Yesterday, Hiatt published an editorial, How Obama’s Poll-Testing Misfires. It’s about how Obama should have shown “leadership” and tried to push through Congress that holy grail of VSP everywhere: the Simpson-Bowles plan. (Note: Haitt refers to it as the “Simpson-Bowles commission plan” but the commission could never agree on a plan, so it never released one.)
Jonathan Chait made a great point about these people today, America’s Most Powerful Conspiracy Theorists. His point is that people who believe in standard conspiracy theories like the 9/11 Truthers owe their beliefs to being estranged from establishment information sources. And the people who argue that the Grand Bargain is just a question of both sides compromising are similarly cut off from reality. He calls them Tax Truthers.
The problem is not the Grand Bargain itself. That’s a bad idea, but reasonable people could be for it. The thing about the Tax Truthers is that they believe that if only Obama and the Democrats offered up cuts to the entitlement programs, the Republicans would follow and match them with tax increases for the rich. The problem is that, much to the consternation of liberals like myself, Obama has been giddy for just such a deal. He’s been incredibly visible in his embrace of Social Security cuts. But the Tax Truthers refuse to accept this.

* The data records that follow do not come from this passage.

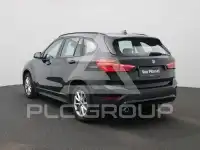 2022 BMW X1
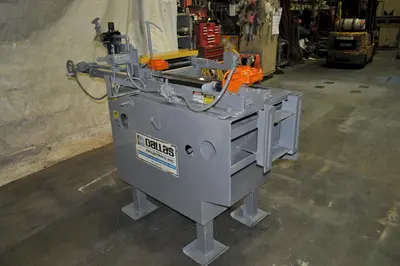 USED DALLAS D200/PTS-203
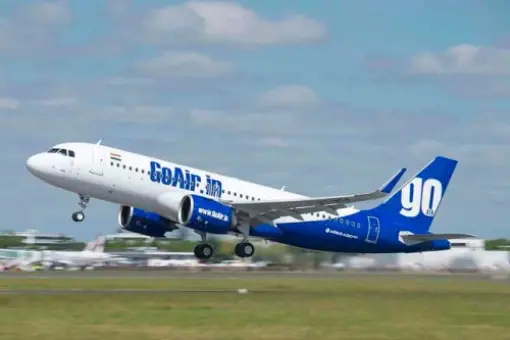 GoAir potwierdza kontrakt na 72 A320neo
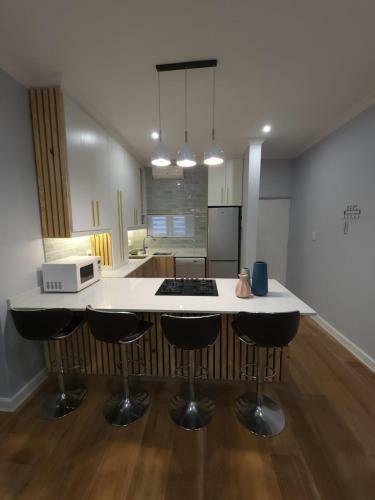 Apartamento 8 Bentley Estate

They are committed to the idea that the problem must be that neither side will compromise. This actually goes back to what I discussed yesterday, David Brooks Plays Centrist. It is this idea of the VSP and the professional centrists (who are mostly the same people) that what they believe is just The Truth or at very least the objectively correct policy. Therefore obviously the only reason it isn’t policy is just because of all those ideologues on both sides who, unlike the the VSP, don’t care about getting things done.

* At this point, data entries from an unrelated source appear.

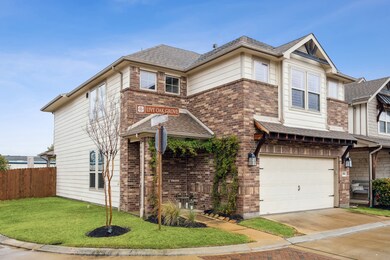 8924 Live Oak Grove Ln, Houston, TX 77080 - photo 2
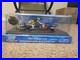 Walt Disney World 2000 Millennium Die Cast Set Disney Transportation Theme Park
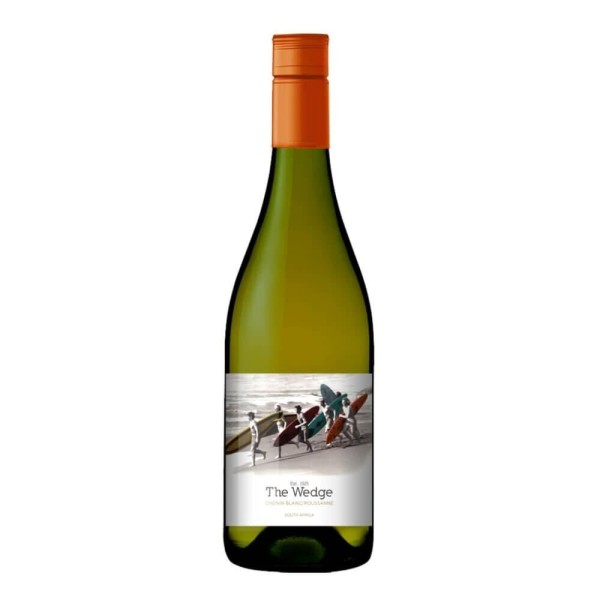 Encontraproduto.com.br - Vinho Branco The Wedge Chenin Blanc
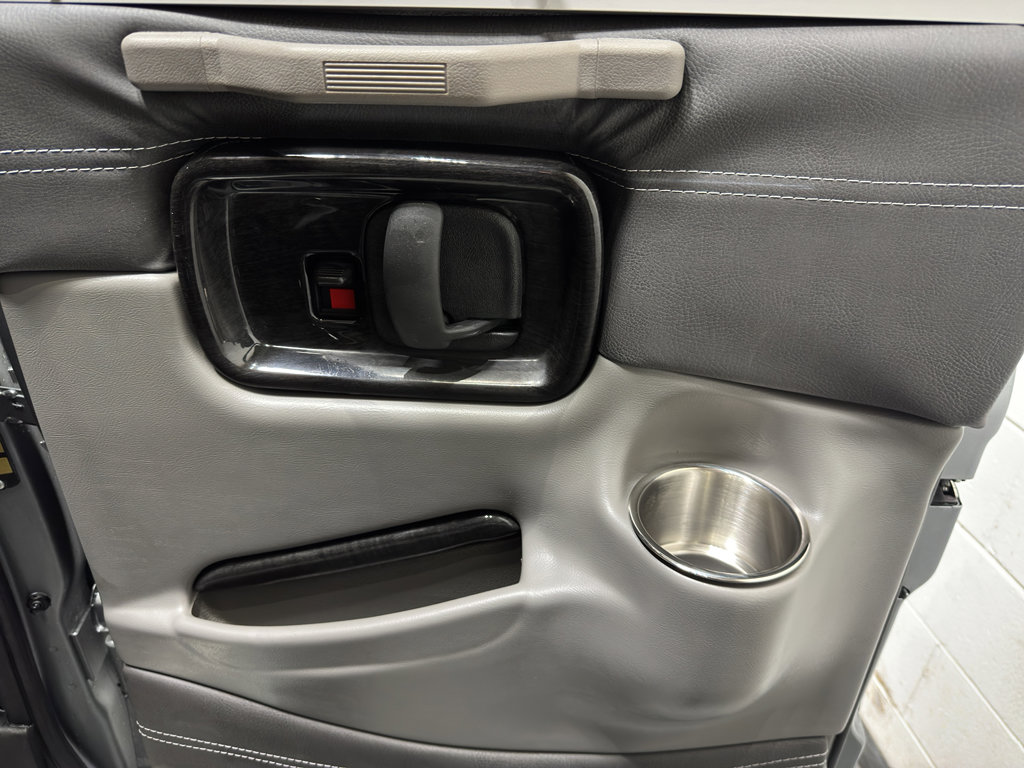 New 2025 Chevrolet Express 2500 w/ Driver Convenience Package image 22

Chait noted that what it really all comes down to is the fact that this is the issue that is most important to the VSPs. It is no surprise that elite opinion just happens to be what they think is in the best interest of their own class:
There’s a very big difference here between being for a Grand Bargain and thinking that the reason we don’t have one is because both sides just won’t compromise. In the former case, it would just be elites looking out for what they think is their own interest. I have no problem with that. It strikes me as greedy and shortsighted, but there is nothing especially wrong with being guided by your own personal interests. But the latter case shows a group that just can’t see reality.
Of course, this is why I’ve long argued against all of Obama’s attempts to seem reasonable. It would be one thing if people like Fred Hiatt would write editorials proclaiming that Obama was being reasonable and the Republicans were not. But it never goes like that. All such attempts at reasonableness do is push the playing field further to the right. And that’s where we get all the calls for “leadership” from Obama. Hiatt must know that Obama has offered up entitlement cuts. I’m sure it has been pointed out to him many times. But when he is faced with such facts, he just retreats into his argument that while Obama may have offered up the compromise, he hasn’t done it with enough force or intelligence or panache. The fact that Obama put such cuts into his budget matters not at all. Both sides do it. Both sides always do it. That is the immutable truth for the VSP.